The first version of the PCI interface was a straightforward
port of the existing Pamette PCI Interface. PCI Pamette V1
was designed to facilitate reuse of the board’s host
PCI circuit in communicating with standard PCI devices plugged
in the PMC connector. The pinout of the top-right FPGA to
the PMC connector is identical to the pinout of the PCI Interface
chip to the host PCI connector. Consequently, the first version
of the PCI interface to the ServerNet card was working in
a matter of days and the Colorado 1 initialization (performed
from software) could be written and debugged quite early
in the development process. The final PCI interface design
is a specialized version of the standard Pamette PCI Interface
(with which it shares a common source pool) that has more
open internal features and more aggressive pipelining. Overall,
the design of the special PCI interface was quick and painless.
The Colorado 1 ASIC provides many ways to transfer data
and is quite versatile in its addressing modes and translation
tables. The initialization code was written and debugged
early in the design process, and simple transfers between
nodes were performed shortly thereafter.
Section 2.4 justified our use of credit-based flow-control.
Given the maximum packet size on Colorado 1 (16 32-bit words),
and the amount of buffering available within an XC4044XL
(each packet takes less than one of the 40 columns in the
FPGA), it is possible to use sufficiently deep FIFOs on input
and output to keep packets flowing without interruption.

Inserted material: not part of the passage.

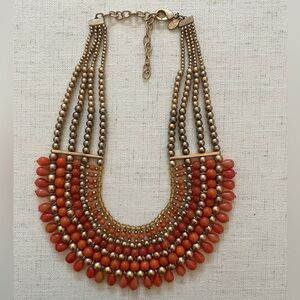 Chico’s - Beaded Necklace in Gold and Orange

On the Private PCI bus, packets are sent to the Colorado
1 ASIC by writes initiated by the Pamette and incoming data
is sent by writes initiated by the Colorado 1. Credits are
sent and received using the same mechanism (credits are 32
bits long—the minimum message length). This traffic
almost saturates the PCI when handling the expected data
rate of 30 MB/s inbound and the same 30 MB/s outbound plus
the credit-generated traffic.
Figure 4: Sepia Phase 1 on PCI Pamette V1.
3.4 Programmable Merge Engine
Section 2.2 discussed two scenarios each requiring quite
different basic operations from the merge engine. One of
the design decisions in Sepia is to open the merge engine
to advanced users and give them the ability to replace it
by one more appropriate to their application if necessary.
In the Phase 1 system, the merge engine occupies most of
the bottom-right FPGA on Pamette. It receives two 16b data
flows corresponding to the local framebuffer pixels and the
upstream partial pixels. Corresponding pixels in the 2 flows
arrive at the same time, with an enable signal. The merge
engine must put the data back in RGBαZ format, perform
the merging, and serialize the result in 16b words to send
them to the network interface located in the FPGA above it.
In addition to the incoming and outgoing data flows, the
FPGA contains a register of definable length, to which the
software can write to pass information to the merge engine.
For instance, for a sort-middle application, the host can
send the screen size and the coordinates of the zone for
which the node is responsible. This way, the merge engine
can use internal X and Y counters and decide which pixel
to choose depending on the value of the coordinates. In other
scenarios the configurable register may be used to pass the
Z-comparison and alpha-blending modes so that they can be
performed according to the needs of the software.
The internal logic needed for the merging can be as small
as a bit comparison for the sort-middle architecture. However,
as a full chip is available, it is possible to implement
much larger merging functions. For instance, to perform blending
using a standard αsrccsrc +(1
- αsrc)cdest operator, it is
necessary to have four to eight 8x8 parallel multipliers
and many multiplexers for the various blending and depth
modes.
The fact that no proprietary FPGA code is located in this
FPGA makes it easy to allow the user to include his own merging
scheme directly in the hardware, with a way to communicate
from software to his custom merge engine. The template source
code for the sort-last architecture with Z-comparison and
blending is available for the user to adapt to specific purposes.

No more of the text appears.